売っているのもみんなペットボトルのお水。
「まあ、そこんところはゲームっぽいよね」
世界観は違うけど便利だもんね。
「とにかく外に出てみよう、また東とかいけない場所あるかもだし」
懸命にお水を売っているNPCを横目に私は街の外へと向かった。
『第二層では広大な砂漠が広がっており東西南北の奥地にボスゲートがあります。推奨レベル25〜』
ヘルプくんが色々教えてくれた、奥に進むほどモンスターが強くなっていくのだろう。
「こんなに日差しが強いのに全然暑くないねー不思議」
サンサンと日差しが私を襲うがちょっと眩しいだけでなんともないのが不思議でたまらない。

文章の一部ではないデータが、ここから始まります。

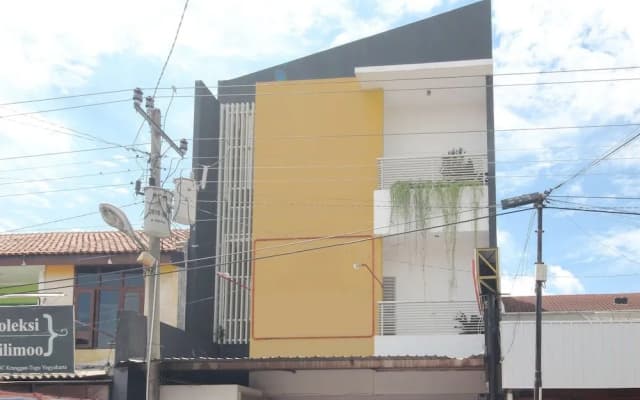 Airy Tugu Yogyakarta Poncowinatan 3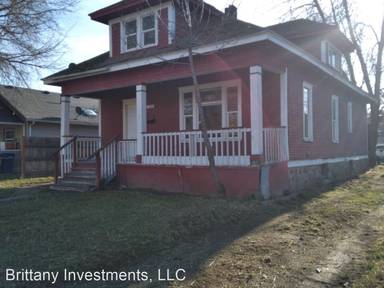 Main picture of 2618 E 4th Ave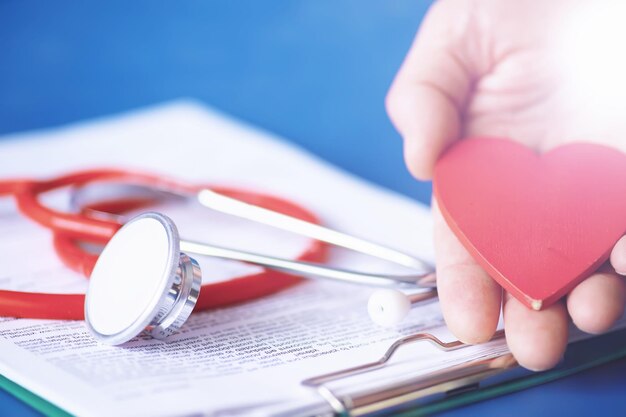 Foto estetoscopio tubos de ensayo portátil prescripciones gafas en la mesa doctor en su escritorio en la oficina de la clínica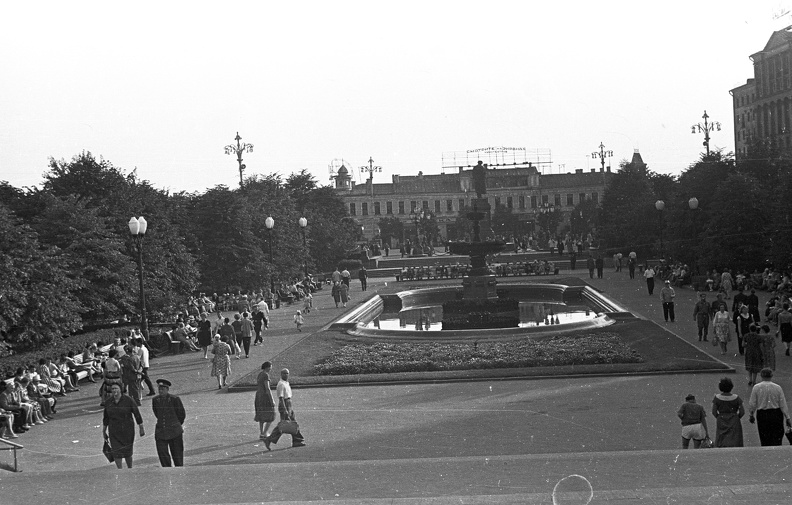 Puskin tér, Puskin szobor.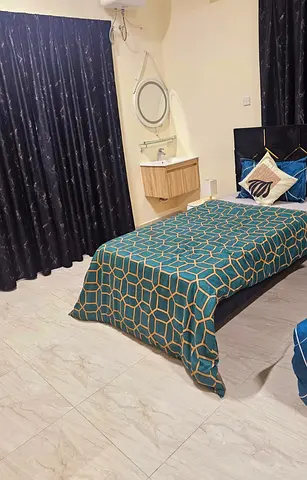Luxury Bed Space with Free Parking in Villa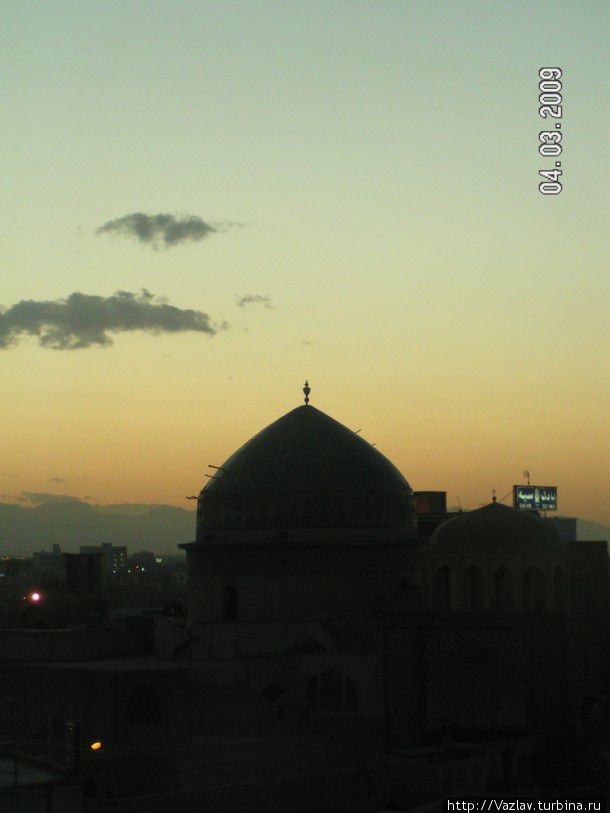 Перед закатом Йезд, Иран
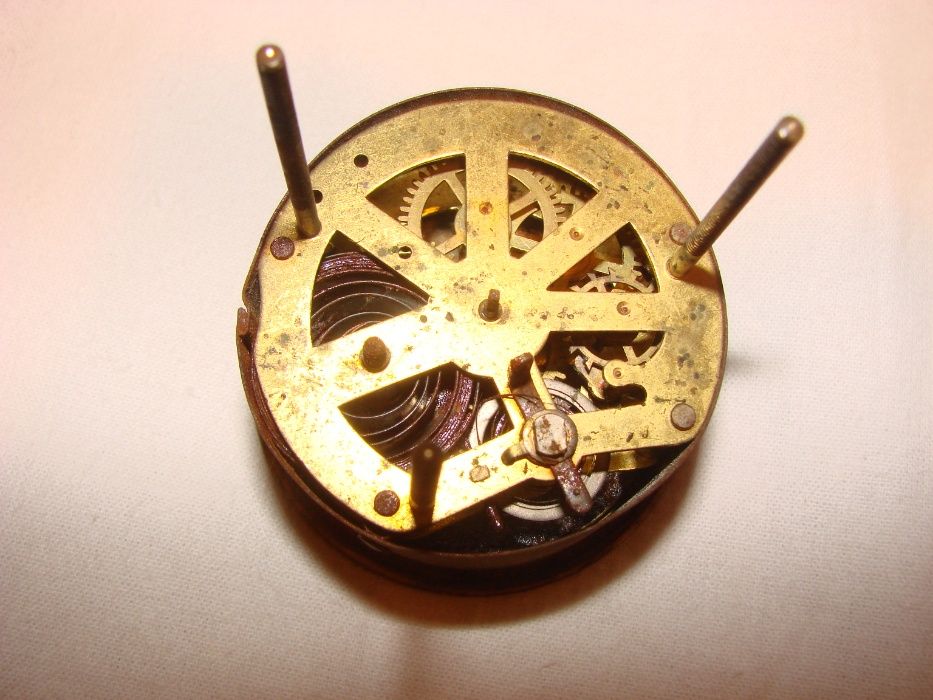 stary, porcelanowy zegar kominkowy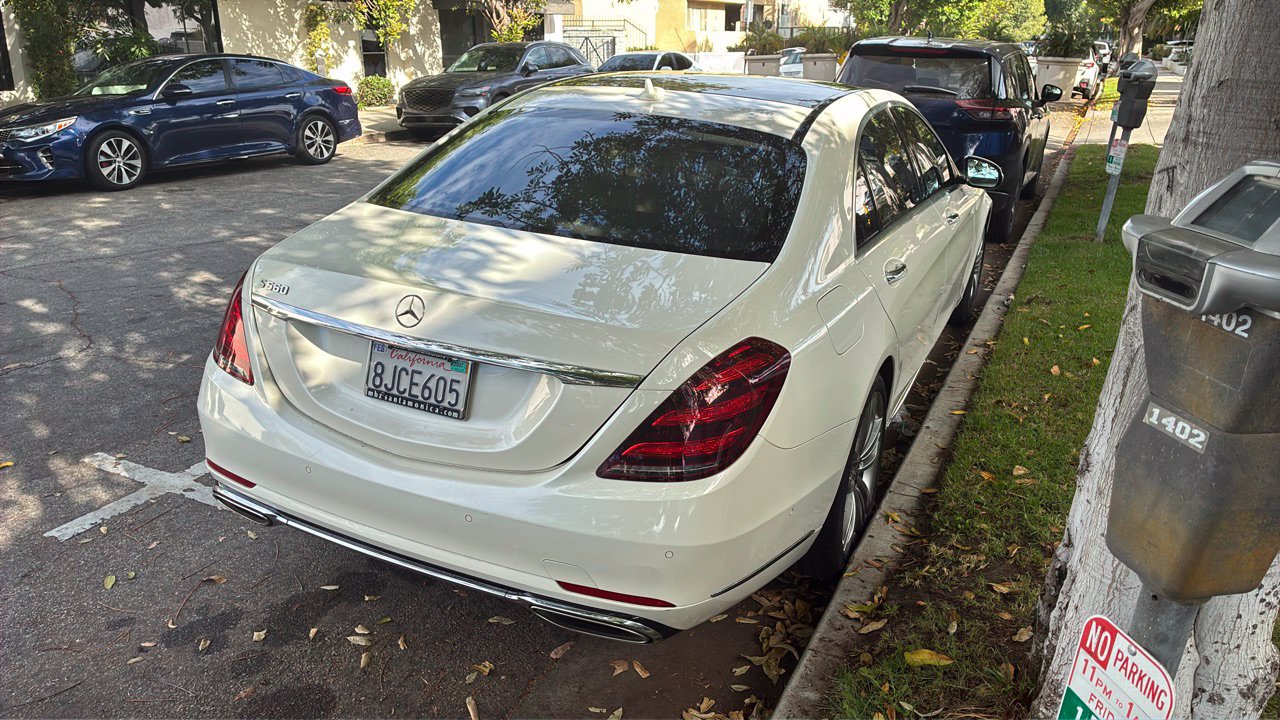Used 2019 Mercedes-Benz S 560 Sedan image 3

「ん?なんかHPの下に青いゲージ?みたいなのが増えてる」
今気づいた、そして少しづつ青いゲージが減っている。
『水分ゲージです。外にいる間、少しづつ減少し無くなるとHPが減少します』
『街中では減少しませんが回復もしません』
『水分ゲージは美味しい水を飲めば回復します。ポーションや飲み物などでは回復しません』
なるほど!だからみんなお水を売っていたんだね!
「ごくごく……おお、確かに回復した」
さっき貰った美味しい水を飲むとすぐに水分ゲージが回復した。
「なら早速、街に戻ってお水を買いに――」
買いにいこうと思い私は気づいてしまった。
「美味しい水……水筒!」
忘れ去られていた第一回イベントの限定アイテムの水筒。
確か美味しい水が無限に飲めるっていう性能だったはず。
「あ、回復した」
水筒を取り出して水を飲むとしっかりと水分ゲージが回復した。
「それになんか水分保護っていう効果も付いてきたんだけど……」
説明を見たら数分間、水分ゲージが減らないらしい。
とっても便利だ。
「お金もかからないし最高じゃん!」
こんなところで活躍するとは思ってもいなかった。
「なんか微妙とか思ってごめんね!」
ここでは重宝しそうだ。
ちなみにパラには水分ゲージとかあるのかな?
そう思ったのでパラを召喚してみる。
「パラには水分ゲージとか無さそうだね」
砂漠にキノコは辛そうだと思うんだけどなんともないんだね。
しかし足元の悪い砂漠ではパラは動きにくそうだった。
めっちゃぽてぽて転けてる、可愛い。
そんなこと思ってたら地面から大きめの蛇が現れてパラがパクッと丸呑みされてしまった。
「パラー!!!」
デザートスネーク Lv24
「良くもパラを……」
そう思って攻撃しようと思ったのだがよく見たらパラのHPは全くと言っていいほど減っていなかった。
「生きてるの?丸呑みされて?」
デザートスネークは私をジロリと見てくる。
「とにかく生きてるならあいつを倒してパラを取り返す!」
そんな事言っていたらいきなりデザートスネークが倒れはじめる。
「え?何?」
少し近づいてみると死んではいないようで長い身体をピクピク動かしていた。
「ああ!パラの麻痺粉!」
このデザートスネークは麻痺していた。
食べられたのにパラはデザートスネークの身体の中から麻痺粉を撒き散らしたらしい。
「多分パラは捕食しているんだと思うけど筋力低くて食べるの時間かかりそうだし私も攻撃しちゃお」
私は足を上げてデザートスネークの頭を思いっきり踏み潰した。
「お、死んだ死んだ」
そのままデザートスネークは砂のように消えていった。